» **Assignment**
Type the data below again exactly. Omit all pictures.
*** Opening of Material shown ***
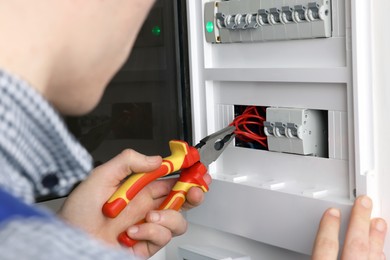 Photo of Professional repairman fixing electric panel with pliers indoors, closeup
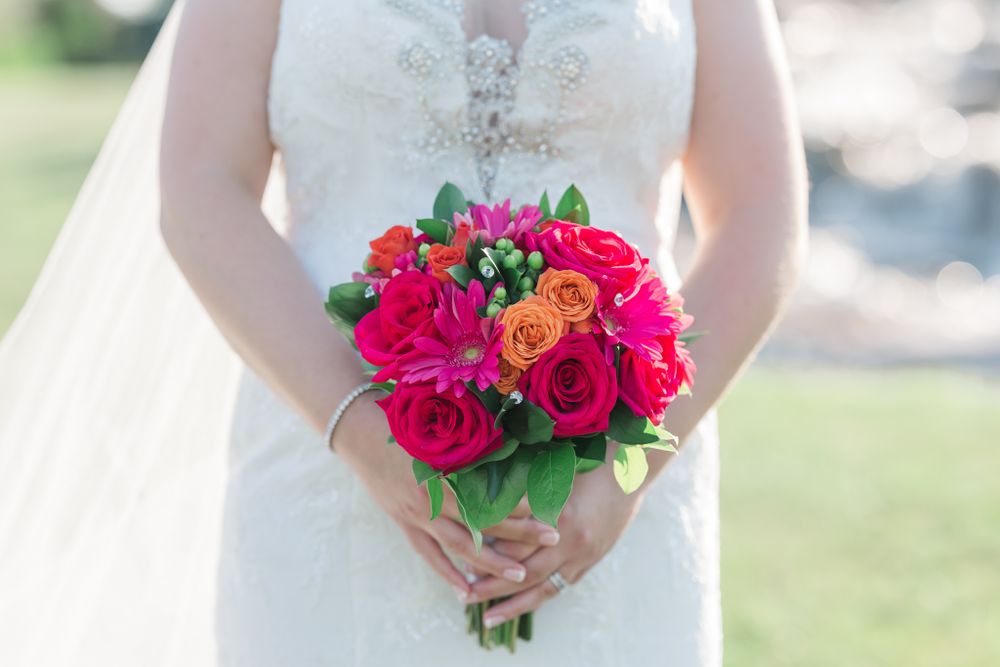 Close up of bright pink and red rose wedding bouquet held against white lace dress.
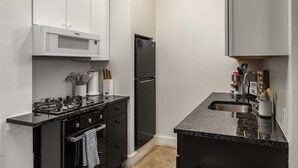 Une cuisine de taille réduite équipée d’une cuisinière à gaz, d’un four, d’un four à micro-ondes et d’un réfrigérateur noir.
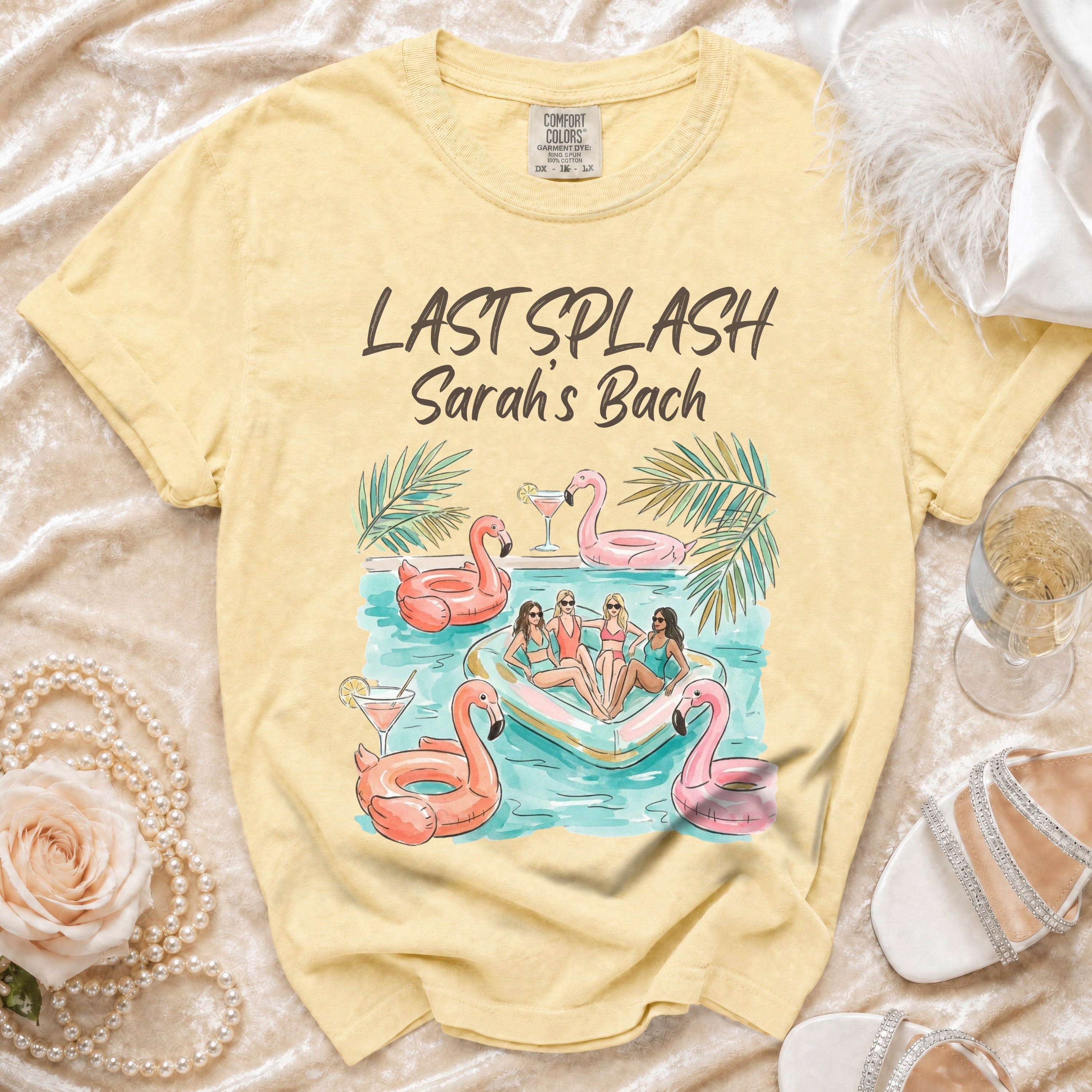 Yellow t-shirt with "Last Splash Sarah's Bach" text and illustration of people on an inflatable flamingo.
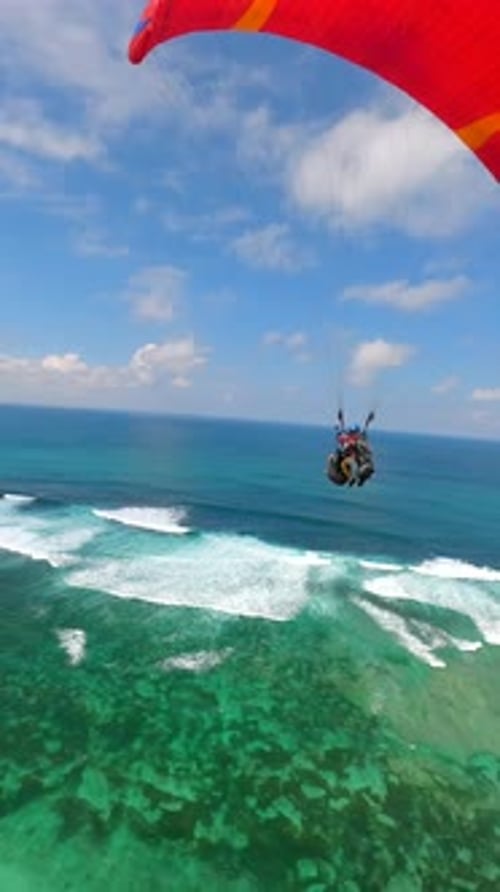 FPV Drone Shot of Paragliders Gliding Over Ocean and Cliffs in Bali Indonesia
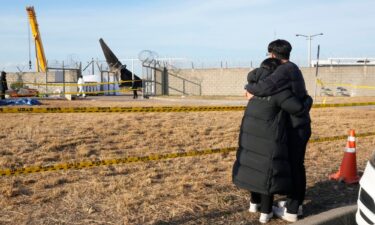 Mourners watch the site of a plane fire from outside of Muan International Airport in Muan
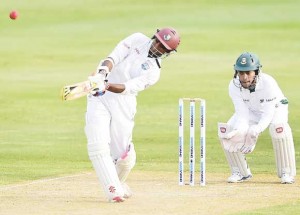 Shivnarine Chanderpaul  lofts over the leg side. (AFP)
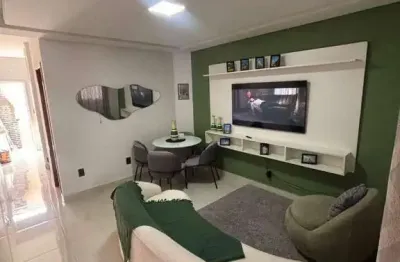 Sobrado com 2 dormitórios à venda, 66 m² por R$ 440.000,00 - Caiçara - Praia Grande/SP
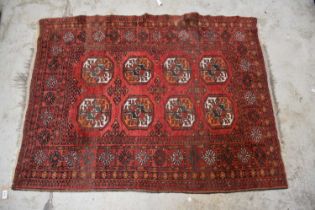 A red ground Bokhara style rug with elephant decoration, 134 x 105cm.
*** Close of Material shown ***
» **Response to the exercise**
 Photo of Professional repairman fixing electric panel with pliers indoors, closeup
 Close up of bright pink and red rose wedding bouquet held against white lace dress.
 Une cuisine de taille réduite équipée d’une cuisinière à gaz, d’un four, d’un four à micro-ondes et d’un réfrigérateur noir.
 Yellow t-shirt with "Last Splash Sarah's Bach" text and illustration of people on an inflatable flamingo.
 FPV Drone Shot of Paragliders Gliding Over Ocean and Cliffs in Bali Indonesia
 Mourners watch the site of a plane fire from outside of Muan International Airport in Muan
 Shivnarine Chanderpaul  lofts over the leg side. (AFP)
 Sobrado com 2 dormitórios à venda, 66 m² por R$ 440.000,00 - Caiçara - Praia Grande/SP
 A red ground Bokhara style rug with elephant decoration, 134 x 105cm.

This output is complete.